A group set up to help consumers file claims involving Holocaust-era insurance policies has made $2.3 million in offers to 128 Holocaust survivors and heirs.[@@]

Most of the potential beneficiaries live in California, Florida, New Jersey, New York, Texas and the Czech Republic, according to the International Commission on Holocaust Era Insurance Claims, London.

The National Association of Insurance Commissioners, Kansas City, Mo., established ICHEIC in 1998 together with European insurance companies, European regulators and representatives from Jewish organizations.

Insurers and regulators set up the commission in response to complaints about difficulties related to insurance policies that were in effect in Europe in the 1930s and 1940s.

Some survivors, beneficiaries and heirs reported having problems with claims on the Holocaust-era insurance policies.

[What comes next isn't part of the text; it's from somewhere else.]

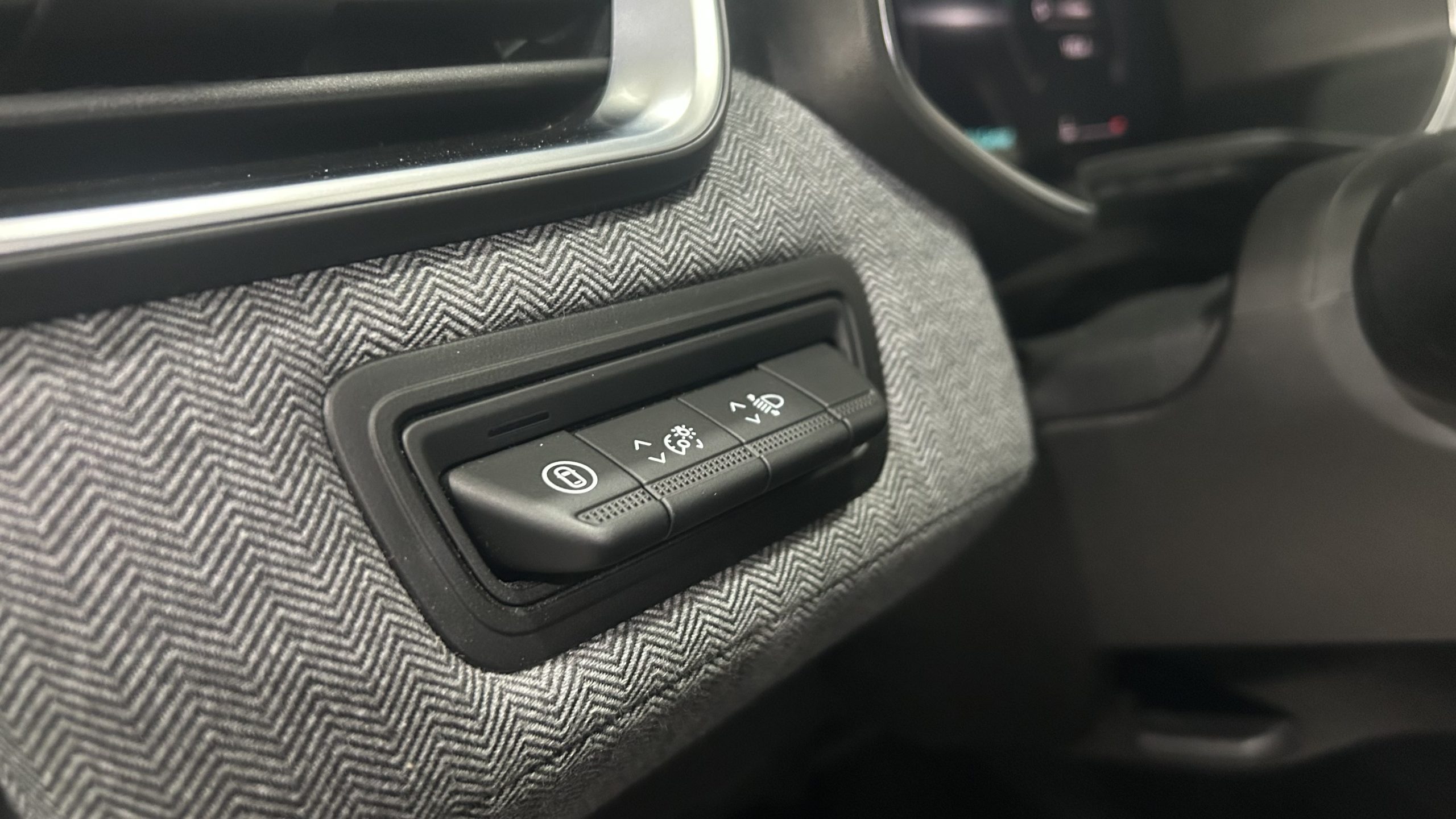 Renault Clio Techno 2025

ICHEIC is disbursing the $2.3 million on behalf of European insurance companies that were nationalized or liquidated after World War II and for which there are no present-day successors, according to New York state insurance regulators.

“ICHEIC anticipates that another, larger offer from its humanitarian fund will be made in the spring of 2005 to claimants seeking payment on similar policies,” New York regulators say in a statement about the current $2.3 million round of ICHEIC offers.

New York officials helped spark interest in resolving Holocaust-era claims by setting up a Holocaust Claims Processing Office in 1997.

Some Holocaust survivors and supporters have accused ICHEIC of being slow and inefficient, but ICHEIC defenders have emphasized the difficulty of processing incomplete claims involving insurance policies that are more than 60 years old.